Ende 2019 wurde der Fachbericht der interdisziplinären Arbeitsgruppe «Mobilfunk und Strahlung» publiziert. Gerade angesichts der Diskussionen und Ängste um 5G wurde die Gruppe vom Bund beauftragt, abzuklären, welche Konsequenzen 5G auf die Gesundheit der Bevölkerung hat. Personen aus Praxis, Technik, Wissenschaft und Recht haben den Stand der Sache eingehend untersucht. Ihre Ergebnisse sind:

• Bei Einhaltung der Immissionsgrenzwerte sind keine Gesundheitsauswirkungen zu befürchten. Die Schweiz ist dabei strenger als vergleichbare Länder, wie etwa Deutschland oder Frankreich.

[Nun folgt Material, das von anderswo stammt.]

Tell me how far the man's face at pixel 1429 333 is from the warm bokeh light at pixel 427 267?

• Hinweise – etwa der 5G-Gegner – auf negative Auswirkungen unterhalb der Grenzwerte haben sich nicht erhärtet.

• 5G nützt vergleichbare Frequenzen und Funksignale wie 4G und WLAN.

• 5G kann Mobilfunkversorgung mit weniger Sendeleistung und weniger Immissionen sicherstellen.

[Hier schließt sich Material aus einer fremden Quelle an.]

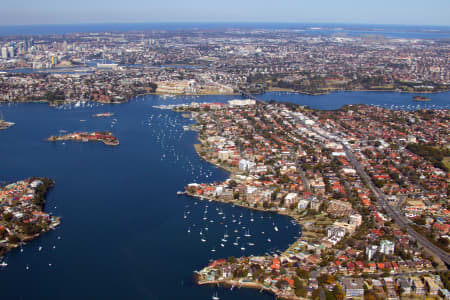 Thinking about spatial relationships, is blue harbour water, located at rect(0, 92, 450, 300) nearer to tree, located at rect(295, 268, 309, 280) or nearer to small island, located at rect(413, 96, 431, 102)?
tree, located at rect(295, 268, 309, 280)

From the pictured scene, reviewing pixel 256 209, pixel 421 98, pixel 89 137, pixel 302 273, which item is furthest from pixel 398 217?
pixel 421 98

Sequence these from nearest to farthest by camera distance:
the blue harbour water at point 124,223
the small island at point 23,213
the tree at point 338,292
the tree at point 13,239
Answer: the tree at point 338,292, the blue harbour water at point 124,223, the tree at point 13,239, the small island at point 23,213

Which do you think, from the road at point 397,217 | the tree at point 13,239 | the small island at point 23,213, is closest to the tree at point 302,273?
the road at point 397,217

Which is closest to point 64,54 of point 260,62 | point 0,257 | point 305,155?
point 260,62

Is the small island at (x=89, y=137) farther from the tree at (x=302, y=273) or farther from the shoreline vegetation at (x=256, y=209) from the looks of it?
the tree at (x=302, y=273)

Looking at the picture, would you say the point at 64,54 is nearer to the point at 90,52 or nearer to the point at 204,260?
the point at 90,52

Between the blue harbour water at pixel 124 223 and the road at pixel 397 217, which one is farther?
the road at pixel 397 217

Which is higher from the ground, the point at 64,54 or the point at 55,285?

• Im Vergleich zu 4G braucht 5G weniger Energie, um die gleiche Datenmenge zu übermitteln.

Wie geht es weiter?

Im Prinzip kann 5G flächendeckend installiert werden. Das kann jedoch nur geschehen, wenn die Telekomunternehmen die Rechtssicherheit haben, die sie brauchen. Zur Rechtssicherheit gehört eine zügige und pragmatische Bewilligungspraxis in Gemeinden und Kantonen. Dazu gehört aber auch der gesellschaftliche Konsens, dass das innovativste und pragmatischste Land Europas ganz einfach nicht darum herumkommt, den neuen Mobilfunkstandard einzuführen.

Gerade in der Schweiz, wo der Konsens eine Führungsstellung in Technologieadoption ermöglicht hat, sind jegliche Gewaltaufrufe höchst problematisch. Wenn sie aber just über jene Technologie erfolgen, die man selbst bekämpft, sind sie nicht nur sinn-, sondern auch wirkungslos. Bei der Diskussion um 5G gilt also: Weniger Ideologisierung ist ebenso gefragt wie mehr Realitätssinn.